Mount Desert Island Facts
- Mount Desert Island ranks as the 6th largest island in the contiguous United States. It also holds the distinction of being the second largest island on the U.S. Eastern seaboard.
- This geological gem also boasts the Acadia National Park. Its permanent population numbers less than 11,000 individuals, yet more than 2.5 million tourists visit the island annually.
- Additionally, a French expedition leader in 1604 gave the island its current name. However, the indigenous Native American people always called the island Pemetic, which meant the sloping land.
- History further indicates habitation going back more than 6,000 years. According to archaeological records, the Wabanaki people moved between the coast and inland according to the seasons.
Mount Desert Island Physical Description
Firstly, the beautiful Mount Desert Island covers an area of roughly 108 sq mi (280 sq km). It also has an irregular outline. In addition, Cadillac Mountain stands as the highest point on the island. It boasts a height of 1,528 ft (466 m).

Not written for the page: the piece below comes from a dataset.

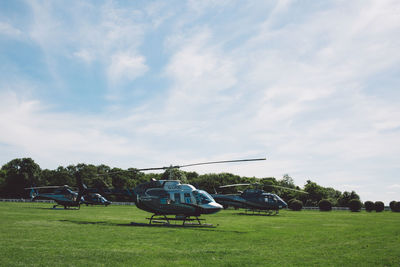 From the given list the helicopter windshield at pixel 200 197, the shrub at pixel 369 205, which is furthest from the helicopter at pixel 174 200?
the shrub at pixel 369 205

It’s the natural splendor that draws the most attention, however, and deservedly so. Large portions of the island teem with stunning forests, mainly consisting of deciduous trees.
A large fire in 1947 cleared half the island of most of its coniferous trees, allowing other species to take hold. Much of the forest now consists of aspen, birch, and maple. Parts of the island still teem with wildlife, including deer, raccoon, lynx, and muskrats.
The native North American Beaver population was hunted to extinction but has since been repopulated. Several well-known summer colonies have been constructed there, due to the great natural beauty.
Mount Desert Island Geology and History
Geological evidence shows that Mount Desert Island originally formed around 550 million years ago. The earliest known formation on the island, a seafloor mud deposit, formed during the Cambrian Period.
Powerful plate tectonics later caused the massive formation to fold, thrust, and then lift above sea level. However, a second foundation, composed mainly of silt and sand, subsequently deposited later.
Lastly, a third foundation, composed primarily of volcanic ash and magma, formed even later. The retreat of the Laurentide Ice Sheet during the last ice age also exposed huge deposits of granite.
Finally, one of the most noteworthy geological features of the island is known as Bubble Rock. The retreating glacier left this enormous glacial erratic behind and also left it perched precariously on the side of a mountain.